La oración es el corazón de la vida de la Comunidad de Sant’Egidio, su primera “obra”. Cuando termina el día todas las Comunidades, tanto si son grandes como si son pequeñas, se reúnen alrededor del Señor para escuchar su Palabra y dirigirse a Él en su invocación. Los discípulos no pueden sino estar a los pies de Jesús, como María de Betania, para elegir la “mejor parte” (Lc 10,42) y aprender de Él sus mismos sentimientos (cfr. Flp 2,5).

Siempre que la Comunidad vuelve al Señor, hace suya la súplica del discípulo anónimo: “¡Señor, enséñanos a orar” (Lc 11,1). Y Jesús, maestro de oración, continúa contestando: “Cuando oréis, decid: Abbá, Padre”.

Cuando oramos, aunque lo hagamos dentro de nuestro corazón, nunca estamos aislados ni somos huérfanos, porque somos en todo momento miembros de la familia del Señor. En la oración común se ve claramente, además del misterio de la filiación, el de la fraternidad.

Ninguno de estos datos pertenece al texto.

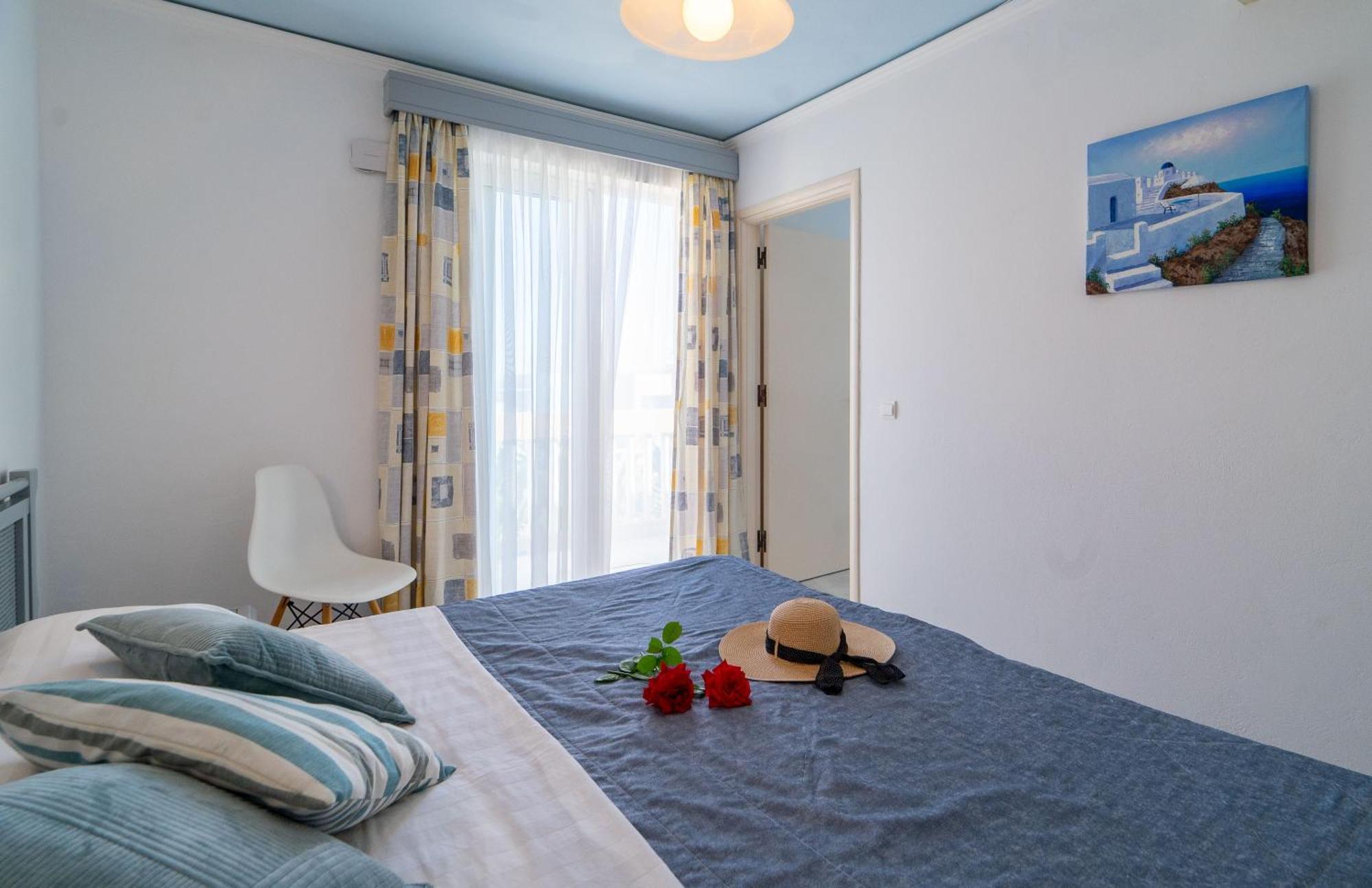 Futura Hotel Maleme  Exterior photo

Las Comunidades de Sant'Egidio que hay por el mundo se reúnen en los distintos lugares que destinan a la oración y presentan al Señor las esperanzas y los dolores de los hombres y mujeres “vejados y abatidos” de los que habla el Evangelio (Mt 9,37). En aquella gente de entonces se incluyen los habitantes de las ciudades contemporáneas, los pobres que son marginados de la vida, todos aquellos que esperan que alguien les contrate (cfr. Mt 20).

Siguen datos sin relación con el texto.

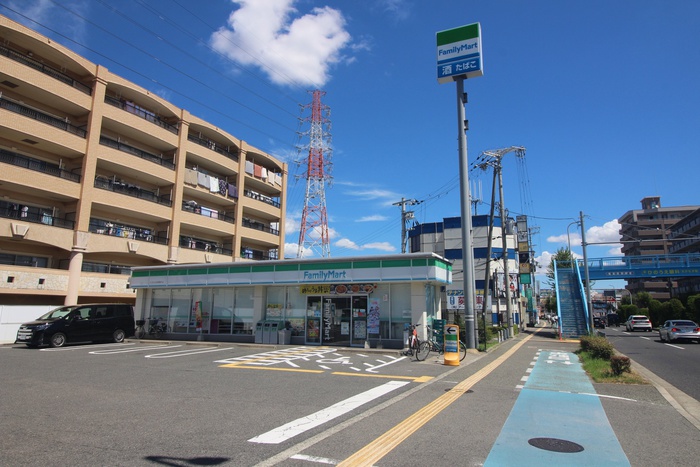 コンビニ　ファミリーマート（コンビニ）まで200m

La oración común recoge el grito, la aspiración, el deseo de paz, de curación, de sentido de la vida y de salvación que hay en los hombres y las mujeres de este mundo. La oración nunca es vacía. Sube incesante al Señor para que el llanto se transforme en alegría, la desesperación en felicidad, la angustia en esperanza y la soledad en comunión. Y para que el Reino de Dios llegue pronto a los hombres.